The Bitcoin block reward halving is nearly 8 months away. And as we come closer and closer to it, people are becoming more anxious as to when this will be reflected in Bitcoin’s price action. Critics suggest it is already priced in; historical data tells us otherwise.
People make the mistake of comparing cryptocurrencies to stocks, and while this is forgivable, it distorts reality in a big way. In the stock market, if company XYZ signs a big deal that increases their revenue, it gets priced into the market immediately. Depending on whether the stock price is above or below the new valuation, demand and supply adjust to bring the stock to what the market perceives as a “fair value”.
In crypto, specifically Bitcoin, there are cash flows to consider.
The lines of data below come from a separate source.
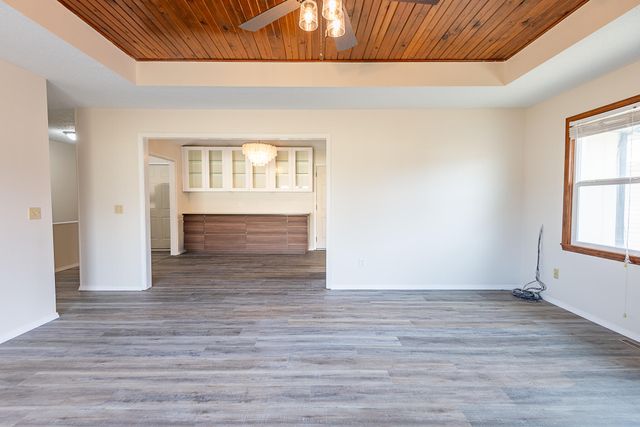 3313 W Camelot Street, Springfield, MO 65807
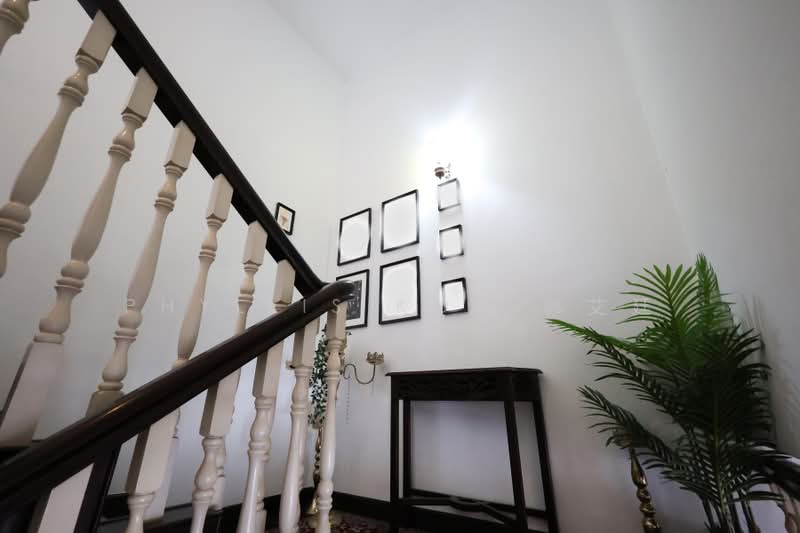 FREEHOLD Terrace in D21, Eng Kong Place, Greenridge Crescent, Clementi Park / Upper Bukit Timah, 5 Bedrooms, 2,400 sqft, Terraced House For Sale, by Phyllis Koh 郭艾廷, 500234304 - Interior - PropertyGuru.com.sg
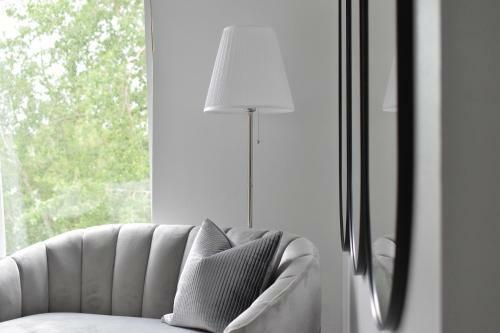 No. 8 - Top Floor Modern Apartment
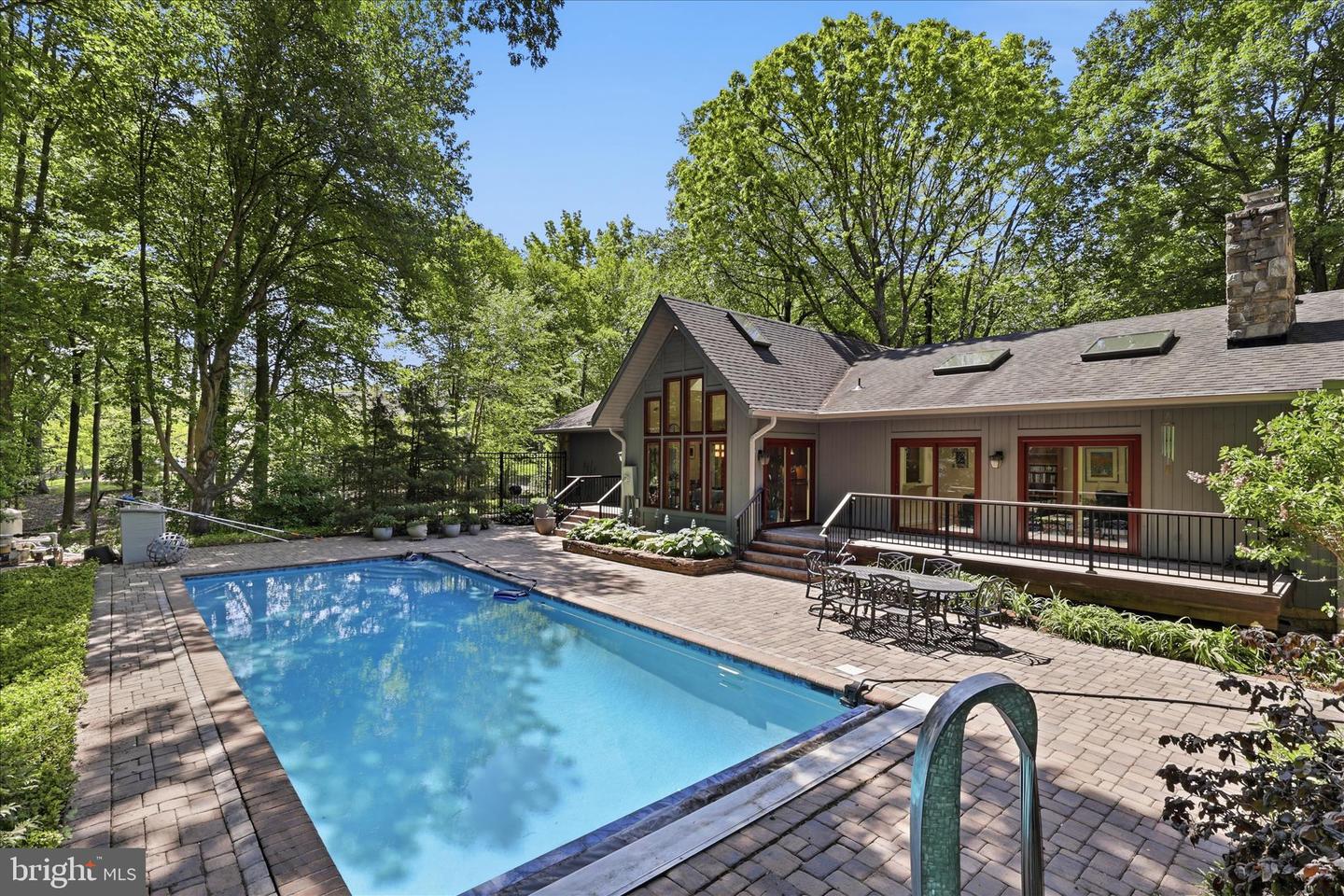 Great Falls, Virginia, 22066, United States, 4 Bedrooms Bedrooms, ,4 BathroomsBathrooms,Residential,Pending,2045715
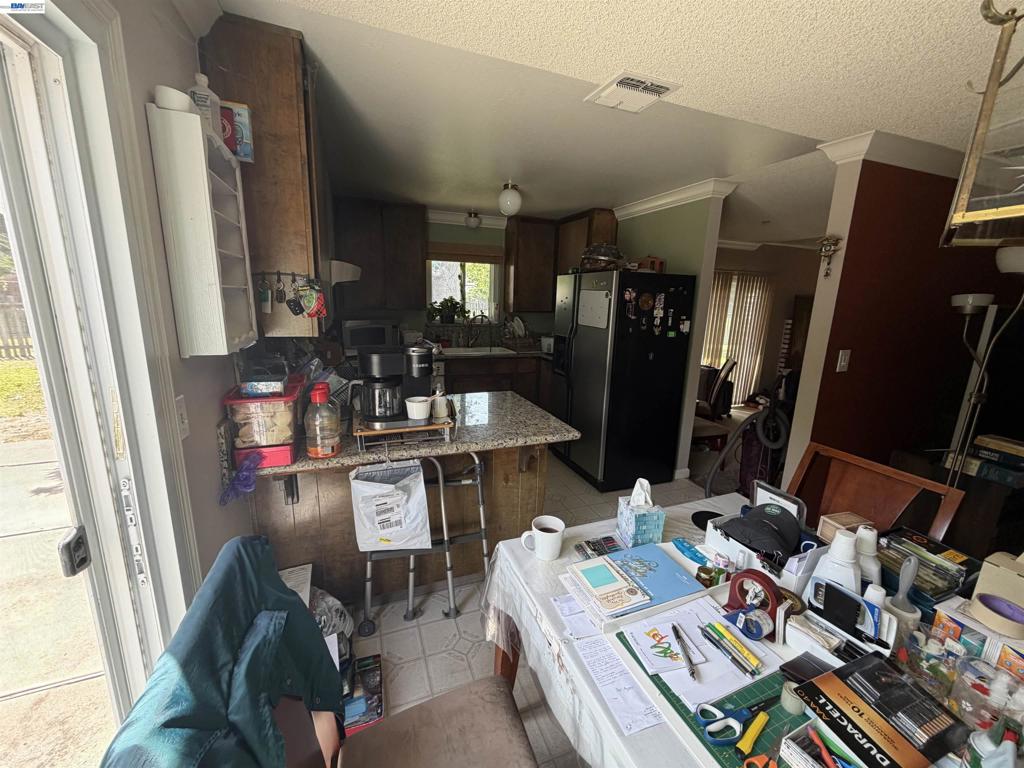 950 Lobos Ct., Manteca, CA 95336-3040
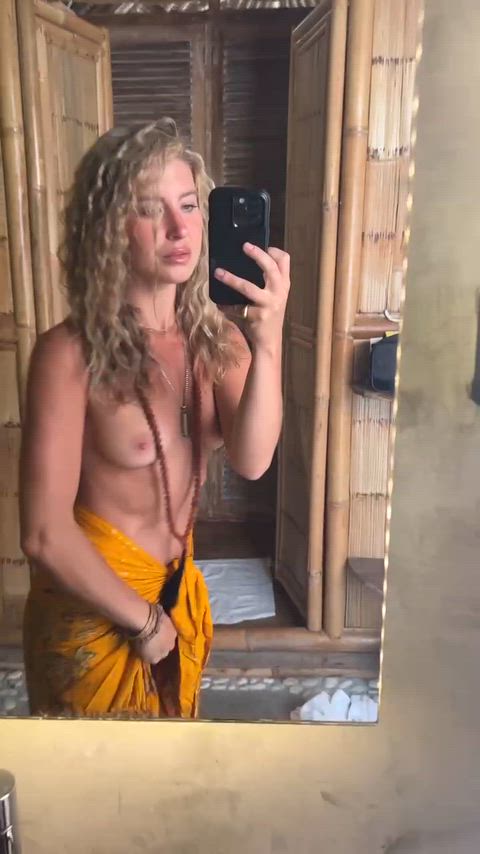 addicted to showing my horny side for you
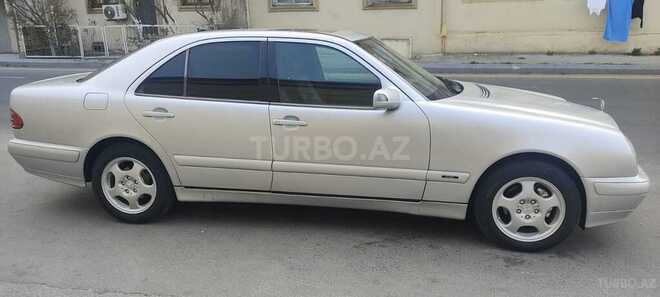 Mercedes E 220 2000, 549,000 km - 2.2 l - Bakı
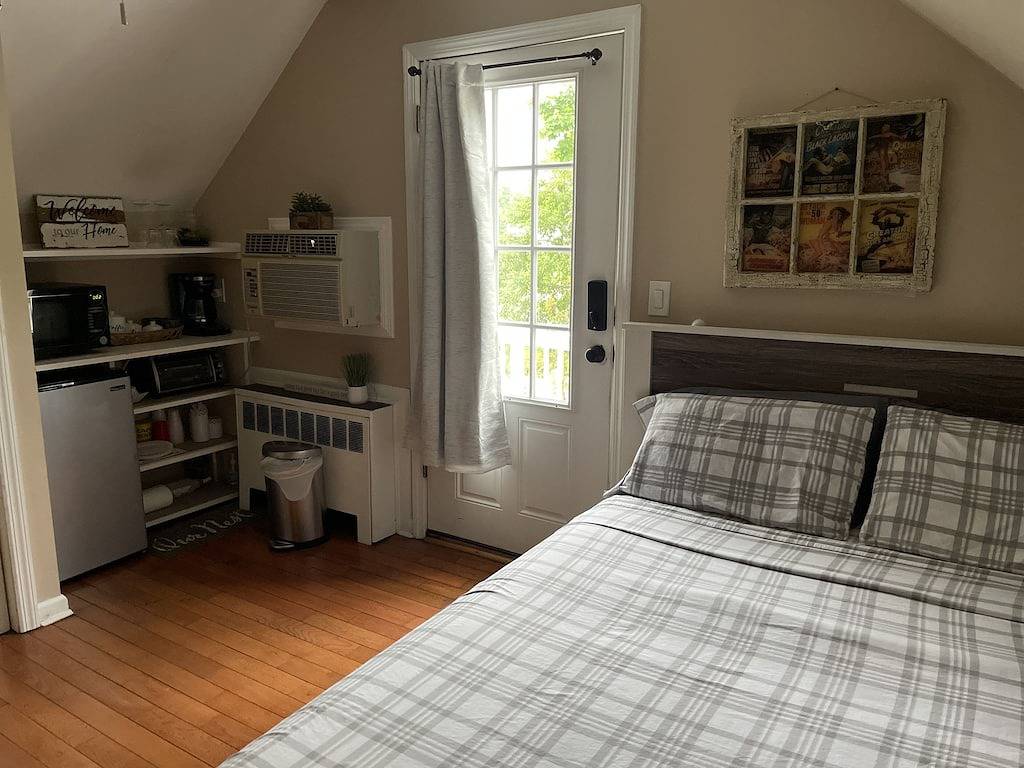 Ganze Wohnung, Verstecktes Juwel / mit privatem Balkon und Hof * 15minjfk * in Nassau County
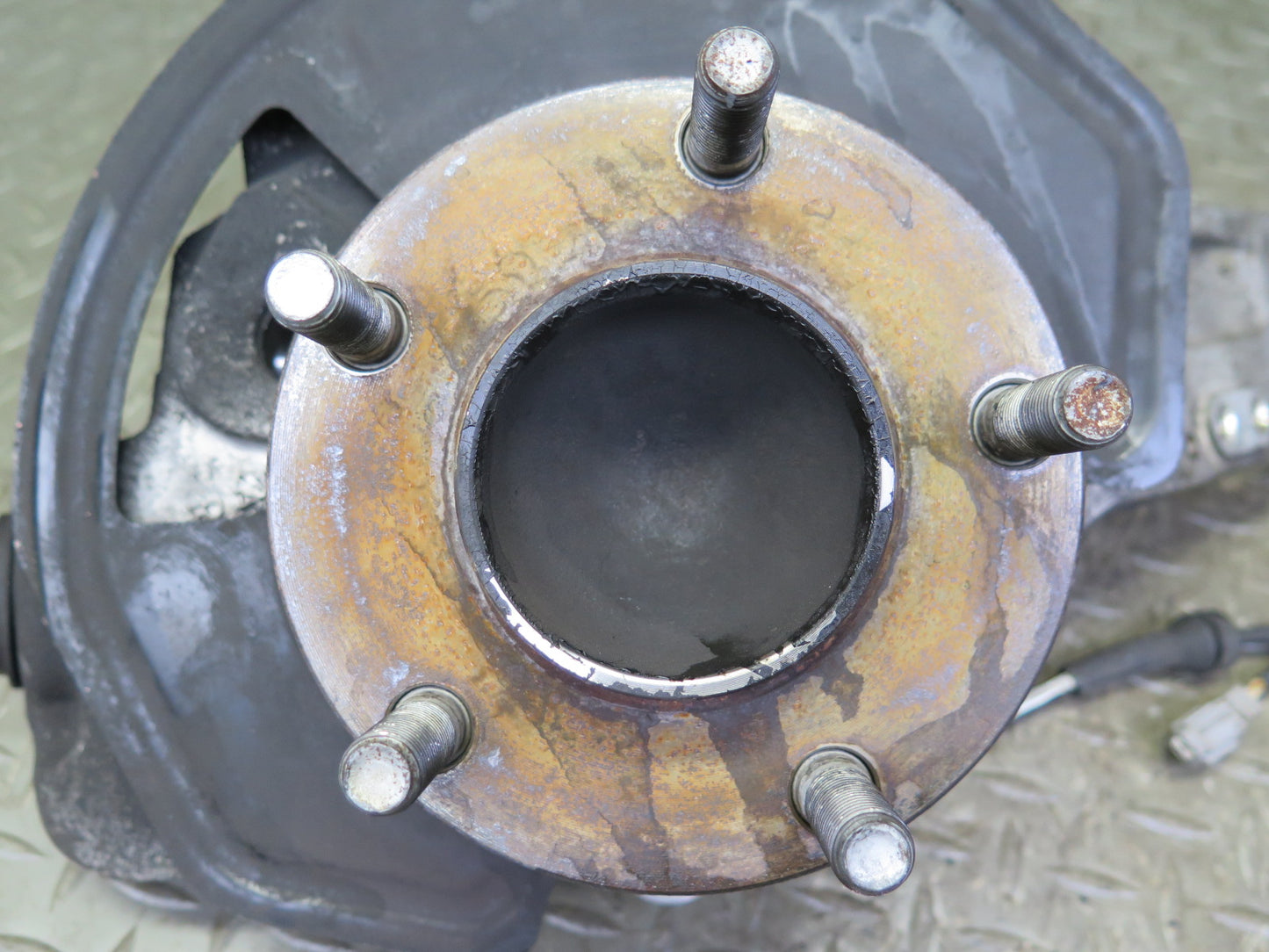 03-04 Nissan Z33 350Z Front Right Spindle Knuckle Wheel Hub Bearing 68K Mile OEM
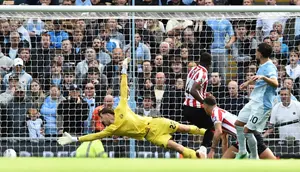 Kontroversi Man City Vs Sunderland: Elliot Anderson Handball, kok Tak Penalti?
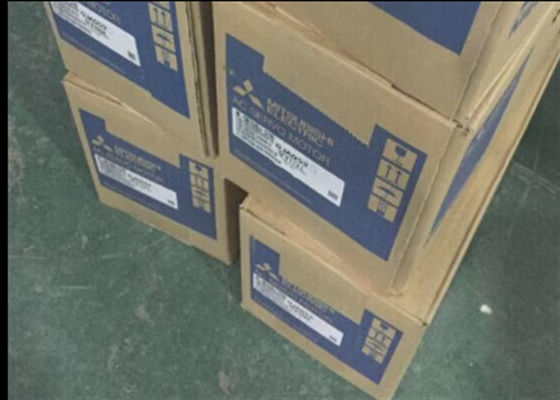 HF-SP702B AC産業サーボ モーター三菱HFシリーズ7kW 2000RPM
There is no revenue, no profit, no cost, no earnings. The closest thing is miner financials, and that does not impact the Bitcoin price in the least. With crypto, it all falls down to the basics: demand and supply.
When Bitcoin’s block reward halves, it reduces market supply by about half, maybe less or more depending on how much miners are looking to offload. Now in crypto, we don’t have hoards of analysts that can accurately estimate the impact of a deal going through or a product failing. Instead, we can only make assumptions as to how things will play out.
In the end, Bitcoin goes ballistic after halvings because of the natural demand that is unfulfilled due to the reduction in supply. This leads the price to increase, which means more people are interested in pushing capital in, which furthermore increases the already excessive demand relative to supply. Ultimately, this cycle of behavior causes Bitcoin to go parabolic, and the extent of this is not quantifiable.
The halving cannot be priced in because it is the result of a supply shock. One might ask, “how can it be a supply shock if we know supply is going down”? It’s really simple. Just because you know the supply shortage is coming doesn’t mean you know how demand will react. It’s not a supply shock in the way oil price reacts to a major loss in oil reserves. It’s akin to how metal mining companies knowingly reduce supply in the market to boost the commodities price. You know it’s going to happen, but you cannot do anything to influence natural supply and demand.
Economics is easy to understand, but difficult to digest. Sometimes, traditional theory gives you the wrong notion – mostly because some of it is outright false. Sticking with behavioral-based models and game theory goes a long way in thing logic into the equation.
The Bitcoin price has not yet reflected the effect of a halving. Even in 2012 and 2016, people knew it was going to happen, yet the natural forces of human behavior could not be curbed.